Selon le document, les stablecoins représentent désormais 43 % du volume total des transactions en cryptomonnaies en Afrique subsaharienne. Leur utilisation s’est diffusée bien au-delà de la sphère des particuliers amateurs de crypto-actifs pour toucher directement les entreprises, les commerçants et les travailleurs indépendants. Ainsi, près d’un tiers des utilisateurs recensés par l’étude seraient des sociétés qui les emploient pour gérer leur trésorerie, régler leurs fournisseurs ou payer leurs employés.
Cette progression reflète un besoin urgent de solutions alternatives dans des économies où l’accès bancaire reste limité et où la valeur des monnaies locales est sujette à des dévaluations brutales. Le cas du Nigeria est emblématique : avec la chute du naira, le pays a enregistré plus de 22 milliards de dollars de transactions en stablecoins sur une année. Les petites et moyennes entreprises y trouvent un outil pratique pour importer des marchandises ou stabiliser leur capital, là où les banques traditionnelles n’arrivent plus à fournir suffisamment de devises étrangères.
Le phénomène dépasse largement le cadre nigérian. En Afrique du Sud, les stablecoins sont de plus en plus utilisés pour sécuriser les revenus face à l’instabilité du rand et pour régler des abonnements à des services numériques internationaux. Au Kenya et au Ghana, ils s’invitent dans le secteur agricole, où ils servent notamment à des paiements liés aux assurances-récoltes. Dans d’autres pays comme la Zambie ou l’Ouganda, les transactions transfrontalières, longtemps ralenties par le manque de liquidités en devises, s’effectuent désormais en quelques heures grâce à ces actifs numériques.

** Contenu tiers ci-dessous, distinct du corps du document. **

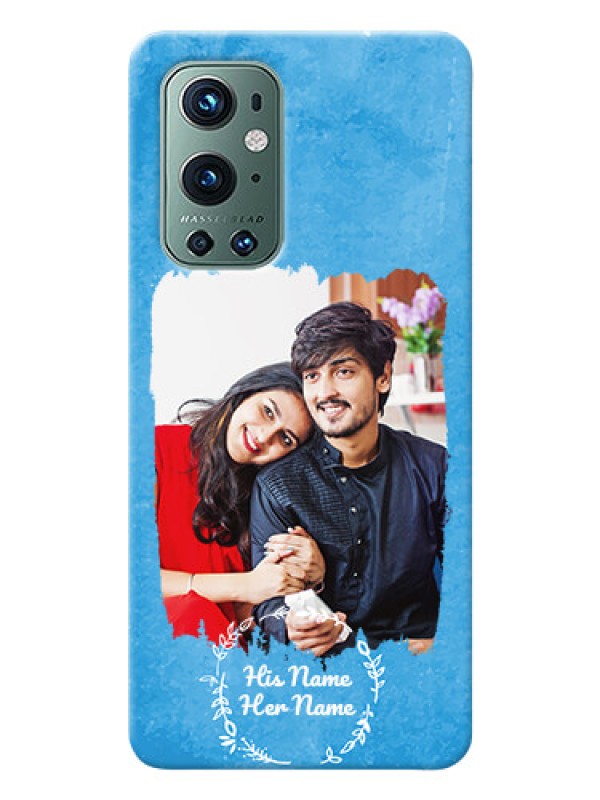 Custom OnePlus 9 Pro 5G custom mobile cases: Blue Color Vintage Design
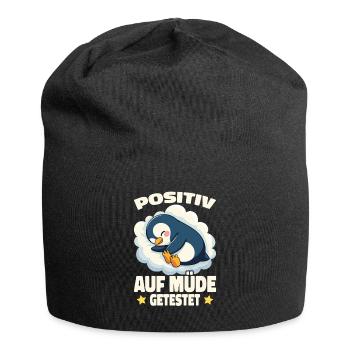 Testé positif pour la chemise de nuit fatiguée - Bonnet en jersey - noir - Devant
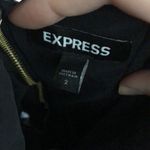 EXPRESS NWOT  Metallic Gold Black White Tube Top Photo 1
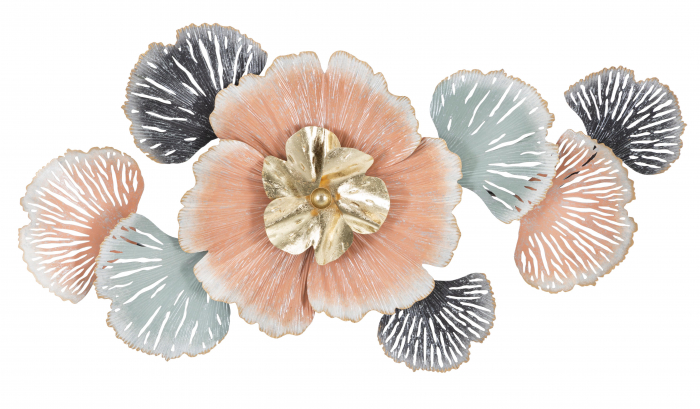 Decoratiune de perete Soty, Fier, Multicolor, 53x93x7.5 cm [5]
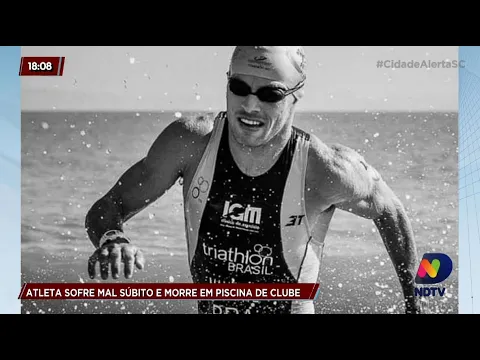 Atleta sofre mal súbito e morre em piscina de clube em Florianópolis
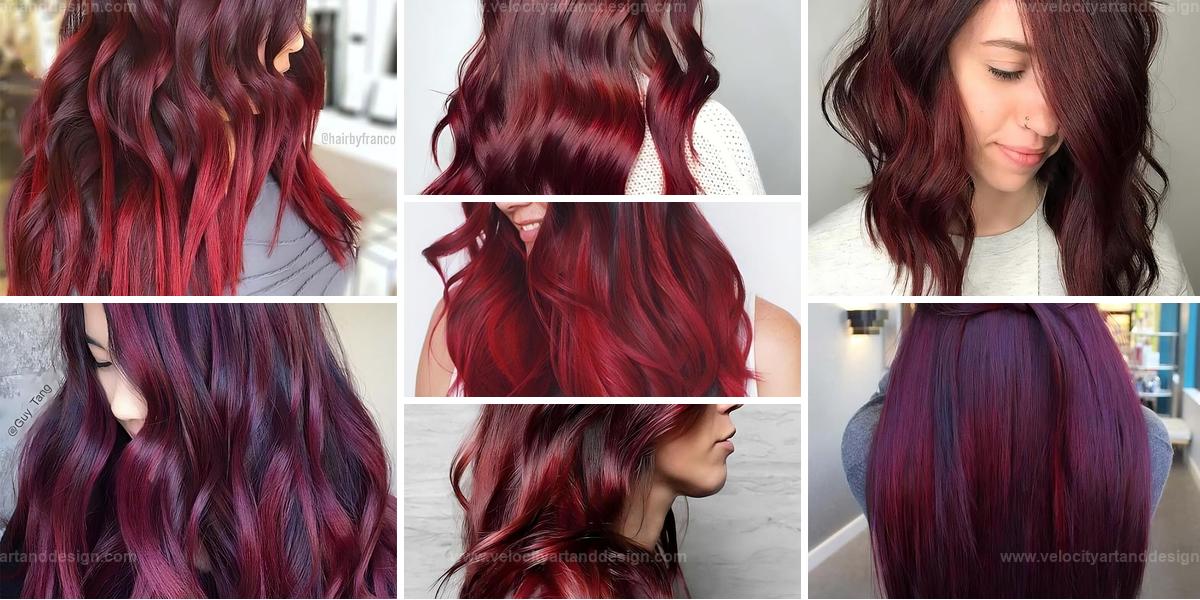 Stylish Burgundy Hair Colors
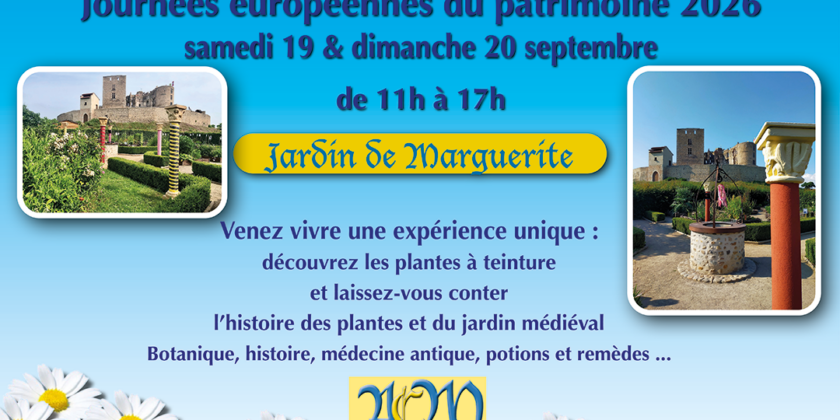 Journées du patrimoine les 19 et 20 septembre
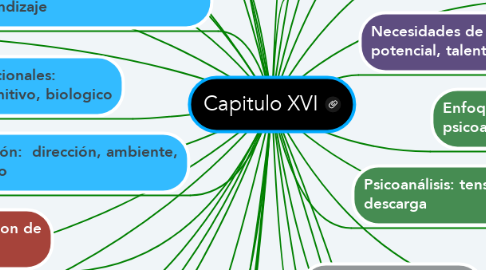 Mind Map: Capitulo XVI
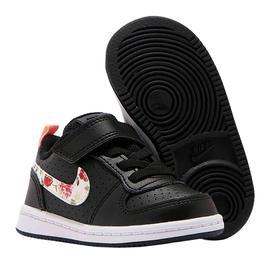 ZAPATILLA NIKE COURT BOROUGH LOW VF (TDV) NEGRO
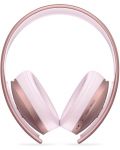 Гейминг слушалки  - Gold Wireless Headset, Rose Gold, 7.1, розови - 5t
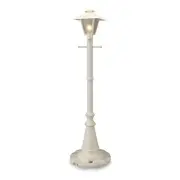 Patio Living Concepts Cape Cod White Outdoor Plug in Post Lantern Patio
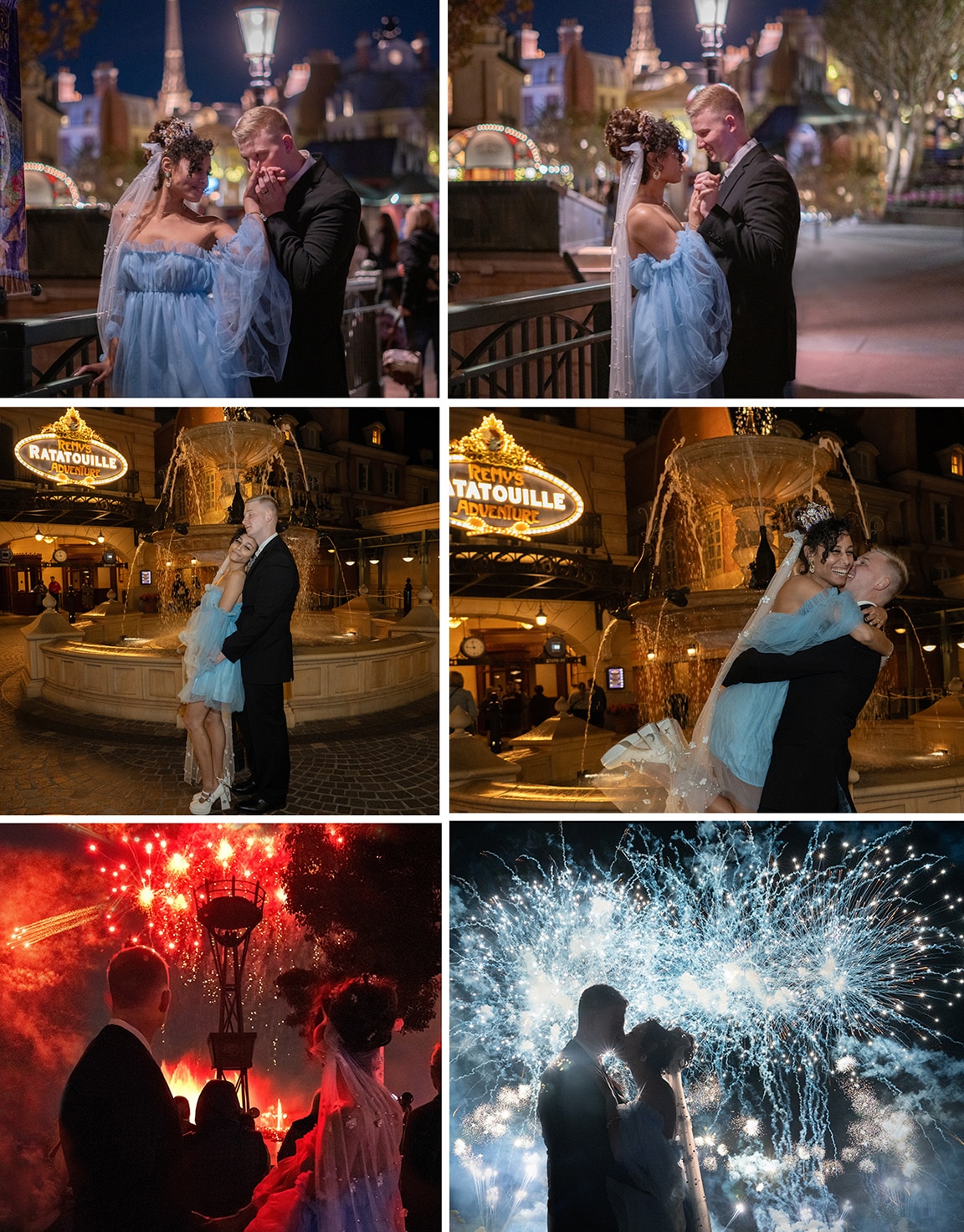 Disney Epcot wedding portraits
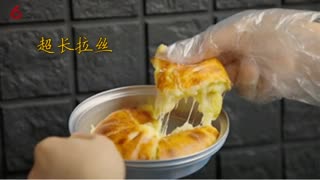 火爆的网红果王榴莲芝士饼，满满的芝士和榴莲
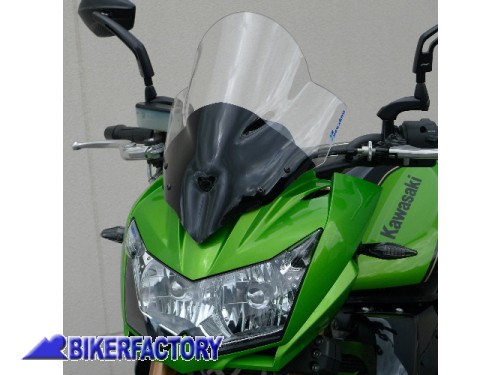 BikerFactory Cupolino parabrezza screen alta protezione x KAWASAKI Z 750 R 11 12 h 34 cm 1029908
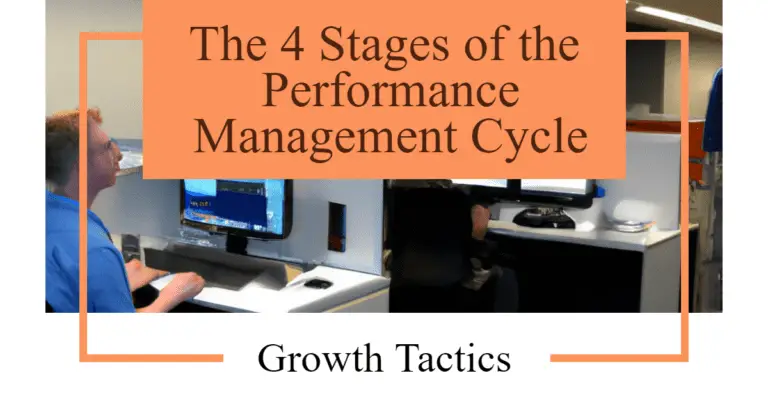 The 4 Stages of the Performance Management Cycle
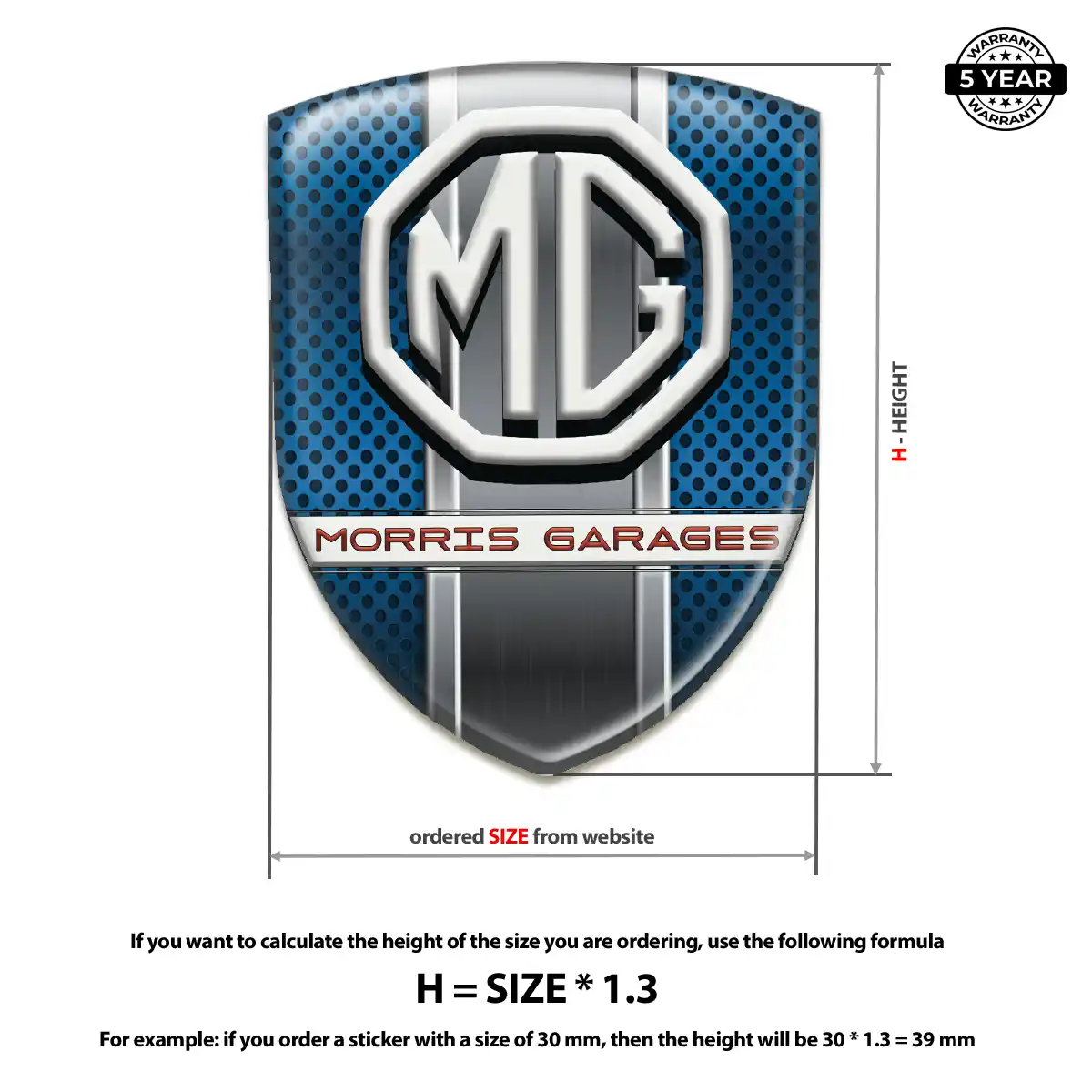 MG Emblem Crest Prestige Line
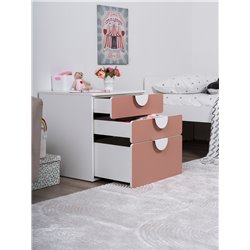 S02511 ПИКСИ комод 3 ящика 60x57x63, мечтательный пион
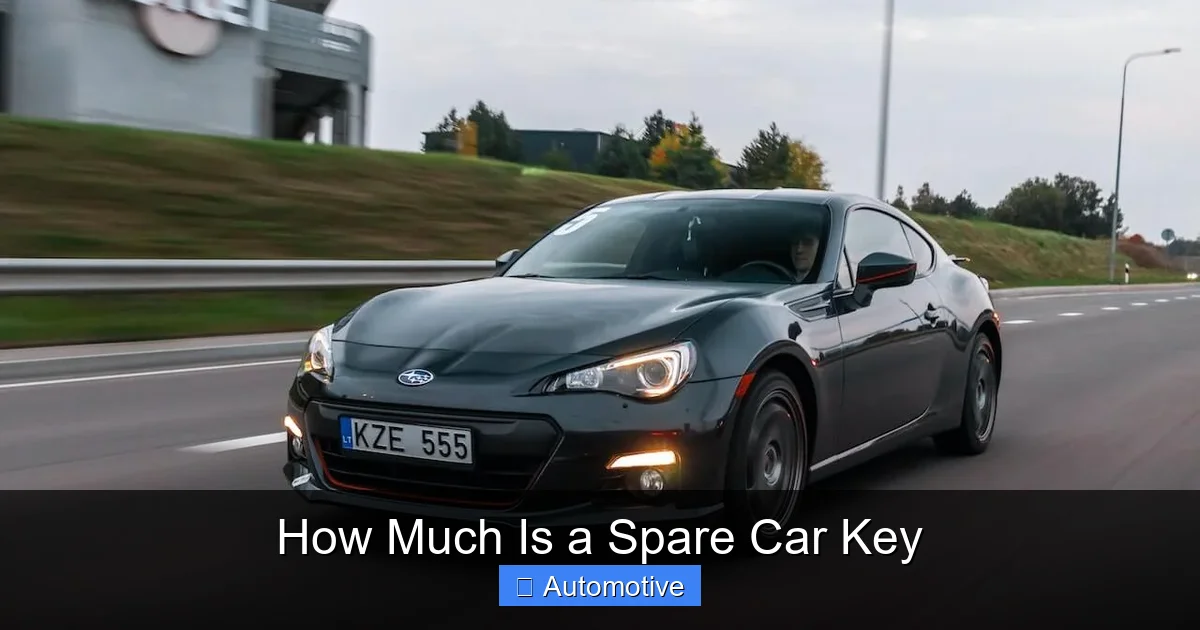 How Much Is a Spare Car Key
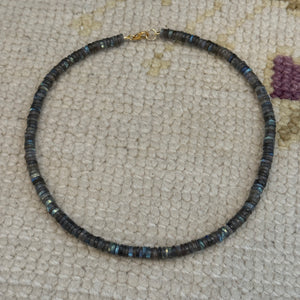 smooth labradorite candy necklace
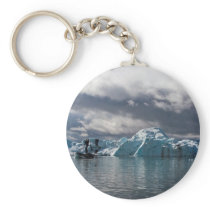 Glacier Lagoon #2 Keychain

Derrière ces chiffres se dessine une transformation plus profonde : l’émergence d’un nouveau pilier de la finance numérique, façonné par les réalités des marchés émergents. À l’échelle mondiale, la capitalisation des stablecoins est passée de 5 milliards de dollars en 2020 à 230 milliards en 2025, et la majorité de cette croissance vient des économies en développement. Pour les analystes, l’Afrique illustre mieux que nulle part ailleurs le rôle structurant de ces instruments dans l’inclusion financière et la fluidité des échanges commerciaux.
Si le rapport de Yellow Card insiste sur le potentiel des stablecoins pour renforcer la résilience des économies locales, il rappelle aussi les défis qui les accompagnent : leur régulation reste encore inégale d’un pays à l’autre, et leur dépendance quasi exclusive au dollar pose la question d’une nouvelle forme de dépendance monétaire. Néanmoins, dans un contexte où les systèmes bancaires peinent à répondre aux besoins de millions d’utilisateurs, ils apparaissent de plus en plus comme une alternative crédible, voire indispensable.
L’essor des stablecoins en Afrique ne se limite donc pas à une tendance technologique. Il révèle un bouleversement silencieux des pratiques financières et un rééquilibrage progressif des échanges, où la rapidité, la stabilité et l’accessibilité prennent le pas sur les circuits traditionnels. Pour de nombreux acteurs économiques du continent, il ne s’agit pas seulement d’un choix, mais d’une nécessité.